La busta arrivò senza nome, come spesso accade nelle storie che cominciano in sordina.
Era l’autunno del 2024 e sul tavolo di Fiorenzo Dadò, presidente del partito Il Centro e deputato del Gran Consiglio ticinese, comparve una missiva anonima. Dentro, poche righe e tre fotografie. Immagini strane, ambigue — ritratti di bambini in pose insolite, scattate anni prima, nel 2020. Nulla di apertamente illecito, ma abbastanza da destare inquietudine.

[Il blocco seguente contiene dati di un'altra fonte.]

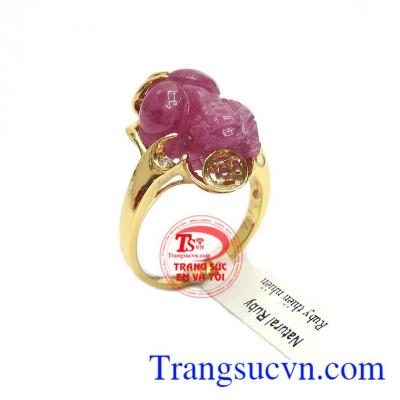 Nhẫn ruby tỳ hưu tài lộc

Dadò, uomo di partito abituato alle tempeste della politica cantonale, decise di non tacere. Portò quel plico alla Commissione Giustizia e Diritti, di cui faceva parte, sostenendo che il materiale poteva riguardare un magistrato coinvolto in un presunto caso di mobbing all’interno del Tribunale penale cantonale. Era, a suo dire, un atto di trasparenza: la denuncia di un’anomalia che meritava di essere indagata.

Poi la vicenda si complicò.

Le fotografie, si scoprì, provenivano da una conversazione privata via WhatsApp tra il magistrato Mauro Ermani e una segretaria. Non erano, secondo le perizie, di natura pedopornografica, ma l’eco mediatica fu enorme. Nel frattempo, le autorità giudiziarie cominciarono a chiedersi da dove provenisse davvero quella “missiva anonima”. E quanto anonima fosse, in realtà.

Quando Dadò dichiarò di non conoscere l’identità del mittente, molti gli credettero. Ma nel corso delle indagini, davanti agli inquirenti, avrebbe poi ammesso di sapere chi gli aveva fornito il materiale.
Fu il punto di svolta.

A fine ottobre 2025, il Ministero pubblico annunciò l’apertura di un procedimento penale per falsa testimonianza e denuncia mendace. Un colpo di scena clamoroso: il politico che aveva denunciato presunte irregolarità nel sistema giudiziario si trovava ora dall’altra parte, indagato per aver travisato la verità.

Dadò reagì come da copione istituzionale — ma con toni umani. Rinunciò all’immunità parlamentare, si autosospese dalla Commissione, e dichiarò di avere la coscienza a posto. «Non ho mentito, ho solo protetto la mia fonte», spiegò ai giornali, evocando il dovere — e il rischio — di chi porta alla luce segnalazioni delicate.

Il partito Il Centro gli restò accanto. «Fiorenzo gode della nostra fiducia», dichiararono i vertici. Ma nei corridoi del Palazzo delle Orsoline serpeggiava un interrogativo che andava oltre il suo caso personale: chi oserà ancora raccogliere una denuncia, se poi rischia di finire sotto inchiesta?

Nel frattempo, l’inchiesta prosegue.
Nessuna condanna, nessun verdetto: solo il silenzio ovattato della giustizia che scava.
La busta senza mittente resta, simbolicamente, sul tavolo — a ricordare quanto sottile sia la linea tra il dovere di denunciare e il pericolo di sbagliare nel farlo.

Nota. Il presidente del Tribunale penale Ermani si e’ dimesso e due altri giudici sono stati licenziati, alcuni mesi fa.